To better visualize the enhanced magnitude and phase-based feature described in the previous sections, this section displays the spectrogram of the enhanced MFCC and MFDP features and their scores.

Fig. 6
figure 6

Spectrograms and VAD score of each enhancement method based on the MFCC feature: a the speech waveform, where the blue line is clean speech and the green line is stationary noise at SNR = 0, b noisy MFCC, c clean MFCC, d DNN-based enhanced MFCC, e NAT-DNN-based enhanced MFCC, f enhanced MFCC using JPMF with DNN, and g enhanced MFCC using JPMF with NAT-DNN

Fig. 7
figure 7

Spectrograms and VAD scores of each enhancement method based on the MFDP feature: a the speech waveform, where the blue line is clean speech and the green line is stationary noise at SNR = 0, b noisy MFDP, c clean MFDP, d DNN-based enhanced MFDP, e NAT-DNN-based enhanced MFDP, f enhanced MFDP using JPMF with DNN, and g enhanced MFDP using JPMF with NAT-DNN

Figure 6 shows MFCC feature spectrograms of an utterance example corrupted by stationary noise at SNR = 0. The spectrograms of noisy MFCC, clean MFCC, and MFCCs enhanced by the conventional DNN, NAT-DNN, JPMF with DNN (the first proposed method), and JPMF with NAT-DNN (the second proposed method) are shown in Fig. 6b–g. Comparing Fig. 6b with Figs. 6d–f, the spectrograms using feature enhancement provide better speech/non-speech segment boundaries than those of the raw feature. This is because of DNN enhancement. To observe how the proposed method works, the spectrogram of Fig. 6d can be compared with that of Fig. 6f. It is clear that the enhanced MFCC using JPMF with the DNN provides a better boundary between the speech segment than that using the conventional DNN. The same tendency can be found for NAT-DNN. This is because of the phase-aware training. Hence, we confirmed that introducing JPMF in both conventional DNN and NAT-DNN training improves noisy MFCC features.

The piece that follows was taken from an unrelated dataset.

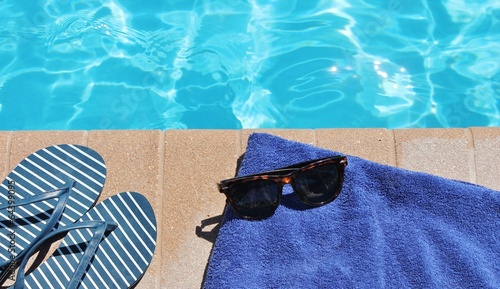 Poolside sunglasses towel holiday vacation background scenic sunglasses shoes with copy space on swimming pool water for vacation or holiday stock photo photograph image  photo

Figure 7 shows the MFDP spectrograms of an utterance example corrupted by stationary noise at SNR = 0. The spectrograms of noisy MFDP, clean MFDP, and MFDP enhanced by the conventional DNN, NAT-DNN, JPMF with the DNN (the first proposed method), and JPMF with NAT-DNN (the second proposed method) are shown in Figs. 7b–g. Comparing Fig. 7b with Fig. 7d–f, spectrograms using feature enhancement provide better speech/non-speech segment boundaries than those using the raw feature. Again, this is because of DNN enhancement. To observe the proposed method, the spectrograms of Fig. 7d with Fig. 7f can be compared. Clearly, the enhanced MFCC using JPMF with DNN provide better boundaries between speech segments than those using conventional DNN and the same tendency can be found for NAT-DNN. This is due to introducing the magnitude information during DNN training.

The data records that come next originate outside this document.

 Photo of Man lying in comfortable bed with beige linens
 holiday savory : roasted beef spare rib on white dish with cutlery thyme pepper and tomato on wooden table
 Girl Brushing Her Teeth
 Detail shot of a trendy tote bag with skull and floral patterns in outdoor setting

7 Conclusions and future work

In this paper, we proposed a DNN-based JPMF enhancement called JPMF with DNN and a NAT-DNN-based JPMF enhancement called JPMF with NAT-DNN for noise-robust VAD. Moreover, to improve performance of feature enhancement, a combination of the scores of the phase- and magnitude-based features was also applied. MFCCs and MFDP were used as magnitude and phase features. The experimental results show that the proposed feature enhancement significantly outperforms the conventional magnitude-based feature enhancements (DNN and NAT-DNN-based feature enhancements) under both SVM and DNN-based VAD. Furthermore, a combined score of the enhanced MFCC and MFDP features (using JPMF with NAT-DNN) further improved the VAD performance.

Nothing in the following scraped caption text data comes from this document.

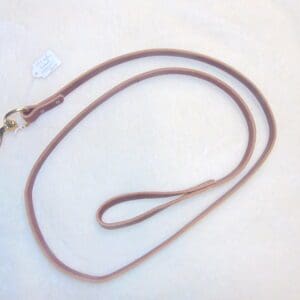 A brown leather leash with a metal clip.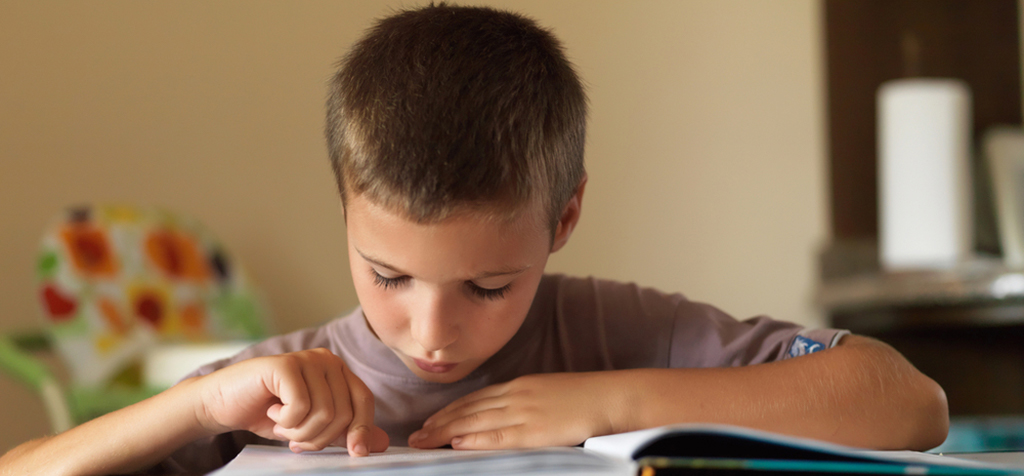 a boy sitting with a book open looking down and reading and pointing with his finger at the book. 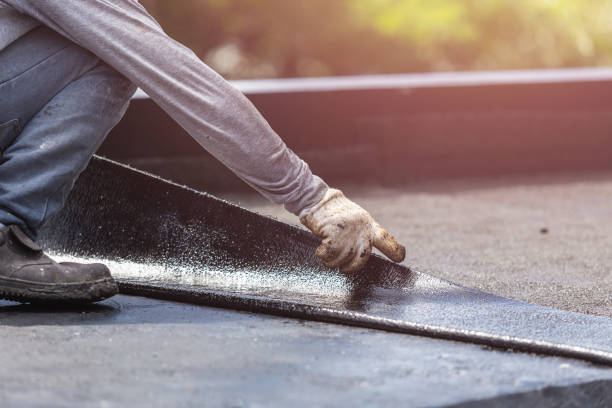 Professional Emergency Waterproofing technician working in Macomb, IL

In the future, we plan to extend the generation capabilities of the DNN to enable it to handle non-stationary noise conditions. We will try to use other efficient noise estimator to estimate non-stationary noise. Moreover, we will investigate and combine other magnitude-based and phase-based spectral features such as linear prediction cepstral coefficients, power-normalized cepstral coefficients, and relative phase information (Kim and Stern 2012; Nakagawa et al. 2012; Wang et al. 2010; Wang et al 2015).